**Available data:**
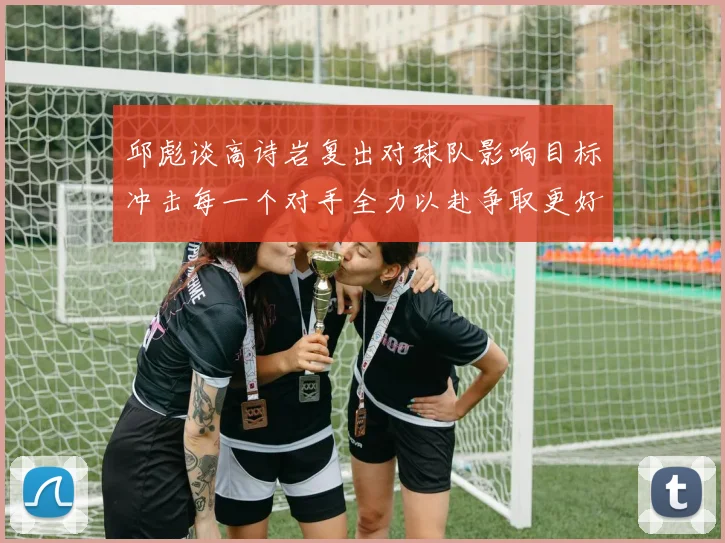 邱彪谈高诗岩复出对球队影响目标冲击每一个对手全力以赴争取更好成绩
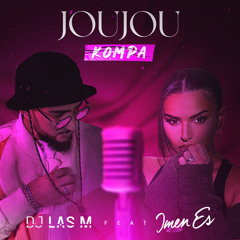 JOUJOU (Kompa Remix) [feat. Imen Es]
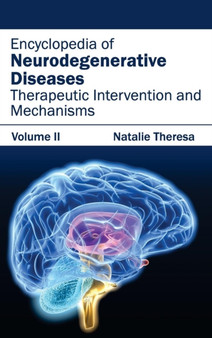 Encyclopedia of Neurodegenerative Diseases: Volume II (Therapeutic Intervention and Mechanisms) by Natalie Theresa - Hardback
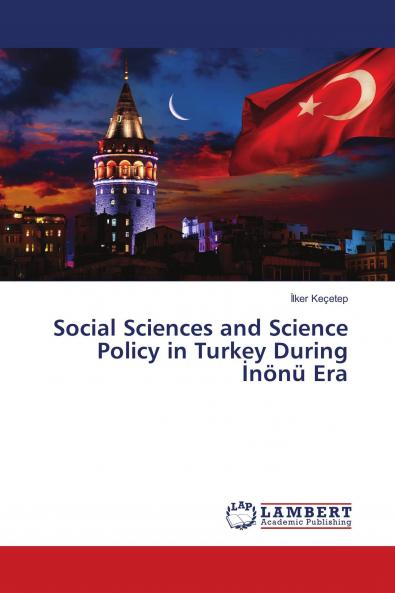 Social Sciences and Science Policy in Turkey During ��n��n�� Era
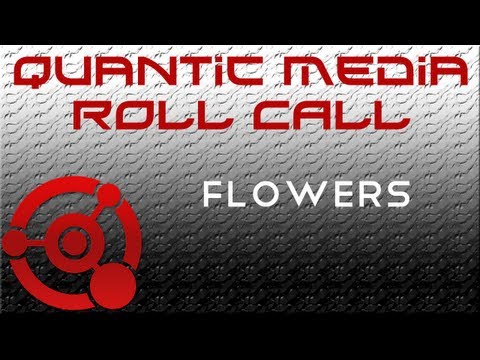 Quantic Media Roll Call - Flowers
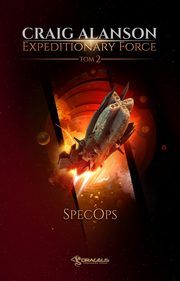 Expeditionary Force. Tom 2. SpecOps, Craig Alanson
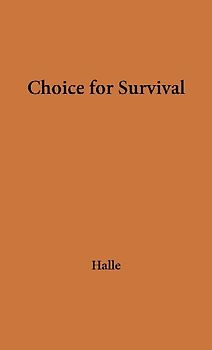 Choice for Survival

**What to work on:** Write out every entry again word for word, without any of the pictures.

**Answer area:**
 邱彪谈高诗岩复出对球队影响目标冲击每一个对手全力以赴争取更好成绩
 JOUJOU (Kompa Remix) [feat. Imen Es]
 Encyclopedia of Neurodegenerative Diseases: Volume II (Therapeutic Intervention and Mechanisms) by Natalie Theresa - Hardback
 Social Sciences and Science Policy in Turkey During ��n��n�� Era
 Quantic Media Roll Call - Flowers
 Expeditionary Force. Tom 2. SpecOps, Craig Alanson
 Choice for Survival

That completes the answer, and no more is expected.